*EXERCISE BRIEF:* Scan the records beneath this line for the line holding "hence the price" and the line holding "Bale coba melewati", then transcribe exactly those two and all lines between.

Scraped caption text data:

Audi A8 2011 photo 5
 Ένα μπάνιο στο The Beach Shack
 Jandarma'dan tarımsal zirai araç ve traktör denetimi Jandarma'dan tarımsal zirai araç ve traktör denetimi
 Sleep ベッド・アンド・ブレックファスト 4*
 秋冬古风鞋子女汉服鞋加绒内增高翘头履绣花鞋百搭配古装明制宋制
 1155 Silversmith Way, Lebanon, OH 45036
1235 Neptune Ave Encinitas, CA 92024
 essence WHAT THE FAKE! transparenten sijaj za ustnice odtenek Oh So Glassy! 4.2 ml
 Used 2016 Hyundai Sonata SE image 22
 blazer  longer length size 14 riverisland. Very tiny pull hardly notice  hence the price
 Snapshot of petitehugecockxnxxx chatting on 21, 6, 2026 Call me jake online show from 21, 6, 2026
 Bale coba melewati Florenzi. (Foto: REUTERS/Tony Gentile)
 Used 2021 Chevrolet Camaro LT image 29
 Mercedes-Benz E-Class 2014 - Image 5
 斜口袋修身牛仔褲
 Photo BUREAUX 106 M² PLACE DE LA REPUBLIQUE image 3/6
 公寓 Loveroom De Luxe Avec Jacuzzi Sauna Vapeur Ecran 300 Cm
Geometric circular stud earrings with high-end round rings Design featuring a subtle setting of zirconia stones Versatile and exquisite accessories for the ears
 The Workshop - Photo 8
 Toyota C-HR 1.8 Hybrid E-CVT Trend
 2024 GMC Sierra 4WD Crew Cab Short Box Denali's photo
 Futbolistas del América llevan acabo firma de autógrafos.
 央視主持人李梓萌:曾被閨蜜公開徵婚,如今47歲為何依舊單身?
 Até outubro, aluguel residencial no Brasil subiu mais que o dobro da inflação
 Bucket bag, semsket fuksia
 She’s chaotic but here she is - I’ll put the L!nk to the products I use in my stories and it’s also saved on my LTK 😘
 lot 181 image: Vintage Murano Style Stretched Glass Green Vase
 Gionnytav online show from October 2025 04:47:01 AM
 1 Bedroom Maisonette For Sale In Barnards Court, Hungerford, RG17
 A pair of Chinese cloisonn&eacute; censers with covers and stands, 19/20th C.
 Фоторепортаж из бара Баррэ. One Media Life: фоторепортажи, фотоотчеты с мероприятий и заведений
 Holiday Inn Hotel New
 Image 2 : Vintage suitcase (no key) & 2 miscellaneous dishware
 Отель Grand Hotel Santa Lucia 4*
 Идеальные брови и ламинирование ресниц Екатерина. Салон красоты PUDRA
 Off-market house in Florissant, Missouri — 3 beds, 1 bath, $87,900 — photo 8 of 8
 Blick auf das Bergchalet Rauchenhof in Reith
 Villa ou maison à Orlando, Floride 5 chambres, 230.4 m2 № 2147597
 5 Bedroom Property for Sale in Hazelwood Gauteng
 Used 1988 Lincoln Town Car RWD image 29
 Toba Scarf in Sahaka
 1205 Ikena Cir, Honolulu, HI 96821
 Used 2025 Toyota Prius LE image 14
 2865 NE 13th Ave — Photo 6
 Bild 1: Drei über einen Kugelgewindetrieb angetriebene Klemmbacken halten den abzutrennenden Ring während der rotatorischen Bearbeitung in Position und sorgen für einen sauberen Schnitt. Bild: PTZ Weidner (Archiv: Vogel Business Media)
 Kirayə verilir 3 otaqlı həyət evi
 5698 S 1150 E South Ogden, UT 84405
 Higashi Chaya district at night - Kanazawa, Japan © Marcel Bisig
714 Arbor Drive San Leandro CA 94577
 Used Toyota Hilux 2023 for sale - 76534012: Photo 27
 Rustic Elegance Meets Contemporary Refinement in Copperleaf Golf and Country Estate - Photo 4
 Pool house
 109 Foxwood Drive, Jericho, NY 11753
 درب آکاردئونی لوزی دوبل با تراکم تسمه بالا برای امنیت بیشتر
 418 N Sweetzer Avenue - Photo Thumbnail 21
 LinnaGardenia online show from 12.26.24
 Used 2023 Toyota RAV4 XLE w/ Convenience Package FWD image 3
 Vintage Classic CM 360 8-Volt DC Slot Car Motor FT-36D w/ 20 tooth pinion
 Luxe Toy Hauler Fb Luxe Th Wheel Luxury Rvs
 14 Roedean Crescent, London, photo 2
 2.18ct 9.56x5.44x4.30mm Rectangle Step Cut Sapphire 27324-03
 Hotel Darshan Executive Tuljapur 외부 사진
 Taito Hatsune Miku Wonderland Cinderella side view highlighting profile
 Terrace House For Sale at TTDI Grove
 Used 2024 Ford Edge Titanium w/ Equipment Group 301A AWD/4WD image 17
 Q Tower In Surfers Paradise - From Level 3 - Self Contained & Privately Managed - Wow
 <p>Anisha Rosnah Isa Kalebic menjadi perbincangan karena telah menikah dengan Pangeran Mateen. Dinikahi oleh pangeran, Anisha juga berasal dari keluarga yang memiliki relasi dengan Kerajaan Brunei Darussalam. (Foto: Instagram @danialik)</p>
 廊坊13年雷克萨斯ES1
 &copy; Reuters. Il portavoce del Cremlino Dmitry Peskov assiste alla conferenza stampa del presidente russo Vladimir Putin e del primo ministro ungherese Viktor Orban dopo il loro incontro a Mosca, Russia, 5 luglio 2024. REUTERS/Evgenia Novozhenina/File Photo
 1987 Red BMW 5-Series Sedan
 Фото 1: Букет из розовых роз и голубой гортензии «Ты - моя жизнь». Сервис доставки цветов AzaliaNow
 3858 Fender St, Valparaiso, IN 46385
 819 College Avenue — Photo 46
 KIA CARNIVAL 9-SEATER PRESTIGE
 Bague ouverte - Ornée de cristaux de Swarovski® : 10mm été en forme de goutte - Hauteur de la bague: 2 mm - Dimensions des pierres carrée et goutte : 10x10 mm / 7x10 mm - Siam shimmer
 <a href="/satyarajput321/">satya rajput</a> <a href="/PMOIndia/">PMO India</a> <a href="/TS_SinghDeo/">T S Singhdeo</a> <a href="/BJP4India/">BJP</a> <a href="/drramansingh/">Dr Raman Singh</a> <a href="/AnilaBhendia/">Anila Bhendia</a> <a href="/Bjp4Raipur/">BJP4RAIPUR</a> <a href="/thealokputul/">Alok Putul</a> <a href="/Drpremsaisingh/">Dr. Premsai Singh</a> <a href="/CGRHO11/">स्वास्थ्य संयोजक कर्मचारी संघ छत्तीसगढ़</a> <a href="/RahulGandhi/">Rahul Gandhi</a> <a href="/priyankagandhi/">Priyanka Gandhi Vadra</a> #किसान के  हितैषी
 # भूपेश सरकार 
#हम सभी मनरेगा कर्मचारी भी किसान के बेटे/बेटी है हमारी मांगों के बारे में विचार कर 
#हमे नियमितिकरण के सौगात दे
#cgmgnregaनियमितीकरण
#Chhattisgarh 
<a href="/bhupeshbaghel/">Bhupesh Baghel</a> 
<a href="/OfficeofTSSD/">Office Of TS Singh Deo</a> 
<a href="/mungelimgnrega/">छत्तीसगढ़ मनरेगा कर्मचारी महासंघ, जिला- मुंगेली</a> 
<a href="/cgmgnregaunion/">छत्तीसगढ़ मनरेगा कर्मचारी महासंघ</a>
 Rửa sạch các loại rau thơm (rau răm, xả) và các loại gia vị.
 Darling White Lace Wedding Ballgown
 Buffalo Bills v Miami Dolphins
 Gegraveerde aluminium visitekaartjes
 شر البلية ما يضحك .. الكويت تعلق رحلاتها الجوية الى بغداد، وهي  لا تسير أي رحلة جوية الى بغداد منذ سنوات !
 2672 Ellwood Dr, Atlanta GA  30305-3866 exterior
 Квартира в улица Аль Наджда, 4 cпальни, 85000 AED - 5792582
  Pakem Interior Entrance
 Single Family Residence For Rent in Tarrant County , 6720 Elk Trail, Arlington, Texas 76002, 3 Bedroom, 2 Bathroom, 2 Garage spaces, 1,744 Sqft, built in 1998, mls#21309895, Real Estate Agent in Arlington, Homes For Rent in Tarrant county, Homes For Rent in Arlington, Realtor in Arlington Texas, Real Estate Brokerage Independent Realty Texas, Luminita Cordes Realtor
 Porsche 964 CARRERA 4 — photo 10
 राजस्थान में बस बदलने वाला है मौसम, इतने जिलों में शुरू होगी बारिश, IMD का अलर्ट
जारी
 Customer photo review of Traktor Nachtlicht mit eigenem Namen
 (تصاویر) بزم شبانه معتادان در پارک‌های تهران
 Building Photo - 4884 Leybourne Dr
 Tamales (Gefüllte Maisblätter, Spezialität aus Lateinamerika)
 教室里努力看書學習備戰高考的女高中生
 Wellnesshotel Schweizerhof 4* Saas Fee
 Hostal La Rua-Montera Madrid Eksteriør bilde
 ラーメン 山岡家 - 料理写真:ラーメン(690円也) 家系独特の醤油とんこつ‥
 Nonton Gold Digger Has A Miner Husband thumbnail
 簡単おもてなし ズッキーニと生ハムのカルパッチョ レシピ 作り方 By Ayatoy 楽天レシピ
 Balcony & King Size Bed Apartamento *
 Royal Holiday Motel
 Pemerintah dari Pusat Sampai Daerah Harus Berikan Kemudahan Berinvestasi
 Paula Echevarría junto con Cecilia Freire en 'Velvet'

*EXPECTED ANSWER:*
 blazer  longer length size 14 riverisland. Very tiny pull hardly notice  hence the price
 Snapshot of petitehugecockxnxxx chatting on 21, 6, 2026 Call me jake online show from 21, 6, 2026
 Bale coba melewati Florenzi. (Foto: REUTERS/Tony Gentile)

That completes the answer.